Harvard professor criticised over ‘absurd’ claims on comfort women

Controversial journal paper stirs debate on Asian wartime slavery

February 17, 2021
Lee Yong-soo, in an address to Harvard students

Lee Yong-soo, a women’s rights activist known as “Grandma Lee”, told Harvard University students to ignore “absurd statements by a professor” who implied in a paper that wartime comfort women were contracted prostitutes.

Ms Lee, who was abducted as a 16-year-old by Japanese troops, has spent decades advocating for justice for the estimated 200,000 girls and women enslaved at military brothels in the 1930s and 1940s. She spoke from South Korea, via a translator.

During a 16 February roundtable on “Debunking Denialism on the ‘Comfort Woman’ Issue”, organised by the Harvard Asian Pacific American Law Students Association, Ms Lee countered “Contracting for sex in the Pacific War”, a paper set to be published in the March print issue of the International Review of Law and Economics, an Elsevier journal. An online version was posted in December.

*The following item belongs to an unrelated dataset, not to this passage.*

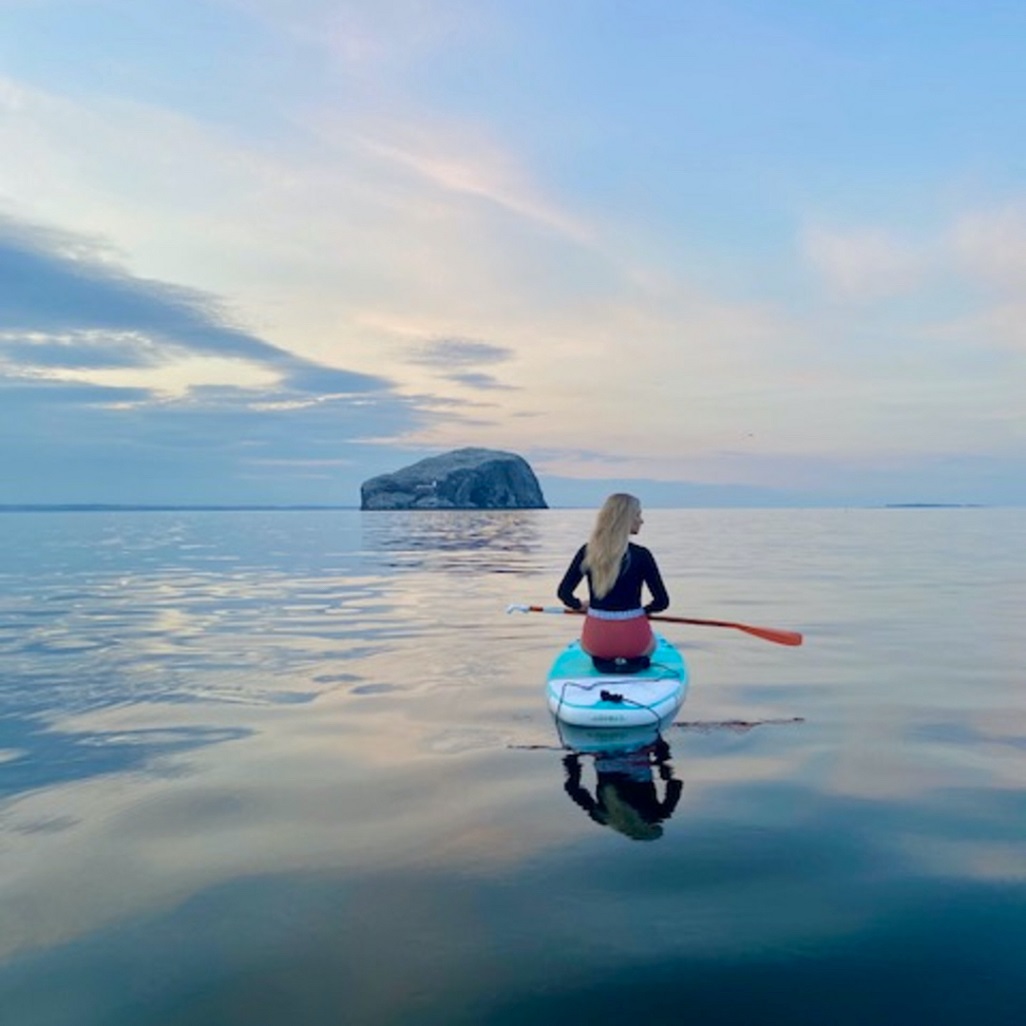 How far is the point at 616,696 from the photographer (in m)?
10.6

The author, J. Mark Ramseyer, Mitsubishi professor of Japanese legal studies at Harvard Law School, claims that the comfort women were paid prostitutes and that current discourse obscured “contractual dynamics” and the “straightforward logic” of game theory. His view is that brothel owners and “potential prostitutes” came to financial agreements to give “the prostitute[s] an incentive to exert effort”. He writes that comfort women “demanded a large portion of their pay upfront” and claims that they could have “left early if they generated sufficient revenue”.

In January, he called the history of comfort women an “exaggeration” and “pure fiction” in an opinion article published on a website linked to the Sankei Shimbun, a conservative Japanese newspaper.

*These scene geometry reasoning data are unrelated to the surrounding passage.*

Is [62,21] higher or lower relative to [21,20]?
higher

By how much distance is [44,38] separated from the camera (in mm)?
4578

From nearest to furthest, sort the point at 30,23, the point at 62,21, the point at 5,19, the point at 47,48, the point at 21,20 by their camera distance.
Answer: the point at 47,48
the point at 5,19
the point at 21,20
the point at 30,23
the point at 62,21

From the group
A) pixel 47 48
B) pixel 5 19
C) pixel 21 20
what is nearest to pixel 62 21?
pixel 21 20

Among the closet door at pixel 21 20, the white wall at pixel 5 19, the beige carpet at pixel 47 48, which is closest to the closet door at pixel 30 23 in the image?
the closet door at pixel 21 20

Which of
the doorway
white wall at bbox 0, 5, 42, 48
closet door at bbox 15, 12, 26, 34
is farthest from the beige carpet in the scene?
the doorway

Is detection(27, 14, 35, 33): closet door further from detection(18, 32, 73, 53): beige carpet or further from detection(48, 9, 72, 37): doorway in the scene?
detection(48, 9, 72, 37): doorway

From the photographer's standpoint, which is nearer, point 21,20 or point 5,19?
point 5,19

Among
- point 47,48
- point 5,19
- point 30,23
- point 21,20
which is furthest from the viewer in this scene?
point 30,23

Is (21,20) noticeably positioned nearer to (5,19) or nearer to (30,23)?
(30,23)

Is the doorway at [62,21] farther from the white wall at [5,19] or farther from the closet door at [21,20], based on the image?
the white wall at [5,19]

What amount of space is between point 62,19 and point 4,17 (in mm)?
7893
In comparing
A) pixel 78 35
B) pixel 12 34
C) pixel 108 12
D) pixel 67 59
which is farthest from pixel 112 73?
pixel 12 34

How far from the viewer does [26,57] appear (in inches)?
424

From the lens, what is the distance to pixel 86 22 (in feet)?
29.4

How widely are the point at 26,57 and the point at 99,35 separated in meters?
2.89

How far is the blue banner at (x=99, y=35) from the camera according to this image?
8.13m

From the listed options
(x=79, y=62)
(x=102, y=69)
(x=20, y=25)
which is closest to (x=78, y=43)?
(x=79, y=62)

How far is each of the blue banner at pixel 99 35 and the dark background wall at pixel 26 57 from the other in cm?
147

The Korean Association of Harvard Law School said in a statement that Professor Ramseyer was using “a revisionist claim that is recycled time and time again by neonationalist figures”.

“Decades’ worth of Korean scholarship, primary sources, and third-party reports challenge this characterisation. None are mentioned, cited, or considered in his arguments,” the association writes.

“We firmly believe that a sincere commitment to academic freedom is inseparable from the obligation of academic integrity as part of a genuine search for truth,” it says. “Upholding these values requires that we shed light on the failings of misleading narratives that omit important voices and obscure critical histories.”

KBS, South Korea’s public broadcaster, aired a report on 16 February about academics, including Professor Ramseyer, whom it alleged were “engaged in comfort-women denialism” and associated with the Japanese right wing.

More than 10,000 scholars and students have signed various petitions and open letters against the claims, according to The Harvard Crimson.

Professor Ramseyer told Times Higher Education that he was “putting together a package of materials relating to these questions”, which may be released in a week or two. He had no further comment.

The International Review of Law and Economics has issued an “expression of concern” about the paper, to “inform readers that concerns have been raised regarding the historical evidence in the article”, and has said it is investigating.

Ms Lee spoke at the Harvard event on the same day that she made a “last, dying wish” to the South Korean president to speak to his Japanese counterpart, and to bring the issue to the International Court of Justice.

Through tears, she told the Harvard students that Professor Ramseyer’s statement might be a “blessing in disguise” for bringing global scrutiny to the issue.

“Now there is this huge controversy,” she said. “A lot of people have become interested in this. It’s a wake-up call, and people should pay attention.”